Reputation: 9031
Core requirement:
Find latest entries for a person_id
by submission_date
for specified filter criteria type
, plan
, status
. There could be more such filters, but the logic to return latest by submission date is the same regardless. Two major uses one for paginated viewing in UI and second for generating reports.
WITH cte AS (
SELECT * FROM (
SELECT my_table.*, rank() OVER (PARTITION BY person_id ORDER BY submission_date DESC, last_updated DESC, id DESC) FROM my_table
) rank_filter
WHERE RANK=1 AND status in ('ACCEPTED','CORRECTED') AND type != 'CR' AND h_plan_id IN (10000, 20000)
)
SELECT
SELECT count(id) FROM cte group by id,
SELECT * FROM cte limit 10 offset 0;
The group by
also does not work on a CTE. a union with all null
in the count query might work for combining probably, but not sure.
The main reason I want to combine these two into 1 query is because the table is big and the window function is expensive. Currently I use separate queries which both basically run the same query twice.
Postgres version 12.
\d my_table;
Table "public.my_table"
Column | Type | Collation | Nullable
--------------------------+-----------------------------+-----------+----------
id | bigint | | not null
h_plan_id | bigint | | not null
h_plan_submitter_id | bigint | |
last_updated | timestamp without time zone | |
date_created | timestamp without time zone | |
modified_by | character varying(255) | |
segment_number | integer | |
-- <bunch of other text columns>
submission_date | character varying(255) | |
person_id | character varying(255) | |
status | character varying(255) | |
file_id | bigint | | not null
Indexes:
"my_table_pkey" PRIMARY KEY, btree (id)
"my_table_file_idx" btree (file_id)
"my_table_hplansubmitter_idx" btree (h_plan_submitter_id)
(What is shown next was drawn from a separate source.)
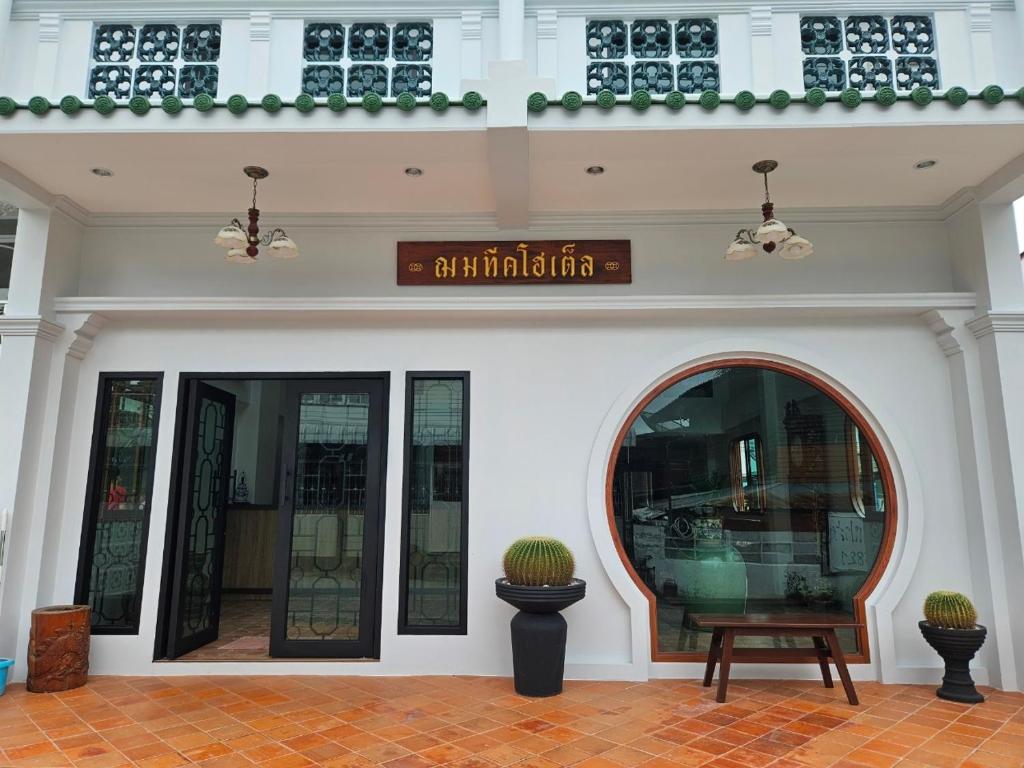 Ban Chamun (2)的住宿－ChomTique Hotel，前面有标志的建筑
"my_table_key_hash_idx" btree (key_hash)
"my_table_person_id_idx" btree (person_id)
"my_table_segment_number_idx" btree (segment_number)
Foreign-key constraints:
"fk38njesaryvhj7e3p4thqkq7pb" FOREIGN KEY (h_plan_id) REFERENCES health_plan(id) ON UPDATE CASCADE ON DELETE CASCADE
"fk6by9668sowmdob7433mi3rpsu" FOREIGN KEY (h_plan_submitter_id) REFERENCES h_plan_submitter(id) ON UPDATE CASCADE ON DELETE CASCADE
"fkb06gpo9ng6eujkhnes0eco7bj" FOREIGN KEY (file_id) REFERENCES x12file(id) ON UPDATE CASCADE ON DELETE CASCADE
Additional information
Possible values for type
are EN
and CR
with EN
being about 70% of the data.
Table column widths select avg_width from pg_stats where tablename='mytable';
is a total of 374 for 41 columns so about 9 per col.
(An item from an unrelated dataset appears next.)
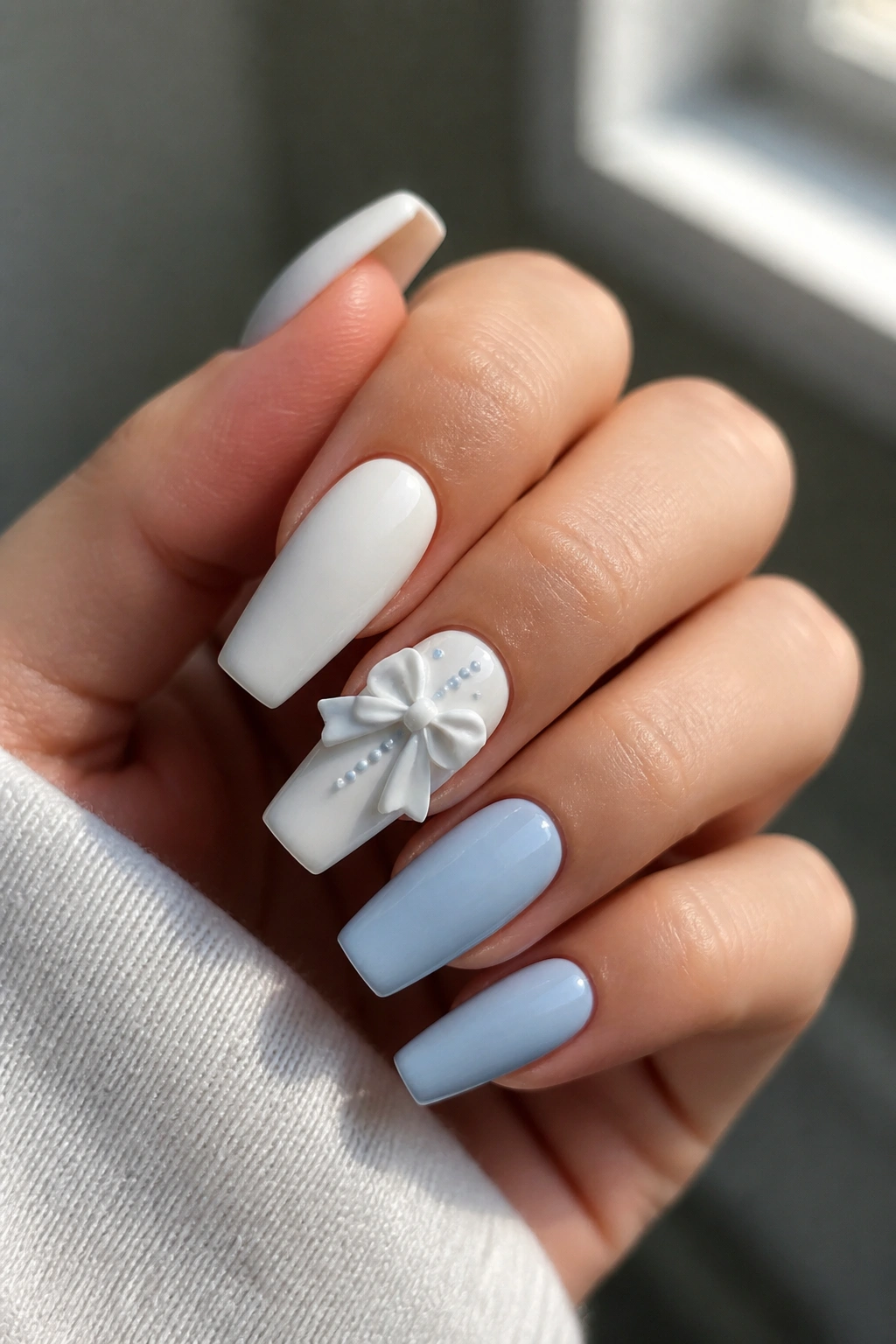 Nail with White 3D bow and blue pearls on accent nail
The idea is to show some pages upfront to user, they can then filter by additional parameters like file_name
(each file usually has about 5k entries), type
(very low cardinality), member_add_id
(high cardinality), plan_id
(low cardinality, every 500k to a million entries will be associated to a plan id). The business requirement in all cases is to show just the latest record for a certain set of plan id's for a submission_date
(for reports it is done per year). The order by id was just defensive coding, the same day can have multiple entries and even if someone edited the second last entry hence touching the last_updated
timestamp, we want to show only the very last entry of the same data. This probably never happens and can be removed.
User can use this data to generate csv reports.
Result of explain for the query with right join below:
Nested Loop Left Join (cost=554076.32..554076.56 rows=10 width=17092) (actual time=4530.914..4530.922 rows=10 loops=1)
CTE cte
-> Unique (cost=519813.11..522319.10 rows=495358 width=1922) (actual time=2719.093..3523.029 rows=422638 loops=1)
-> Sort (cost=519813.11..521066.10 rows=501198 width=1922) (actual time=2719.091..3301.622 rows=423211 loops=1)
Sort Key: mytable.person_id, mytable.submission_date DESC NULLS LAST, mytable.last_updated DESC NULLS LAST, mytable.id DESC
Sort Method: external merge Disk: 152384kB
-> Seq Scan on mytable (cost=0.00..54367.63 rows=501198 width=1922) (actual time=293.953..468.554 rows=423211 loops=1)
Filter: (((status)::text = ANY ('{ACCEPTED,CORRECTED}'::text[])) AND (h_plan_id = ANY ('{1,2}'::bigint[])) AND ((type)::text <> 'CR'::text))
Rows Removed by Filter: 10158
-> Aggregate (cost=11145.56..11145.57 rows=1 width=8) (actual time=4142.116..4142.116 rows=1 loops=1)
-> CTE Scan on cte (cost=0.00..9907.16 rows=495358 width=0) (actual time=2719.095..4071.481 rows=422638 loops=1)
-> Limit (cost=20611.67..20611.69 rows=10 width=17084) (actual time=388.777..388.781 rows=10 loops=1)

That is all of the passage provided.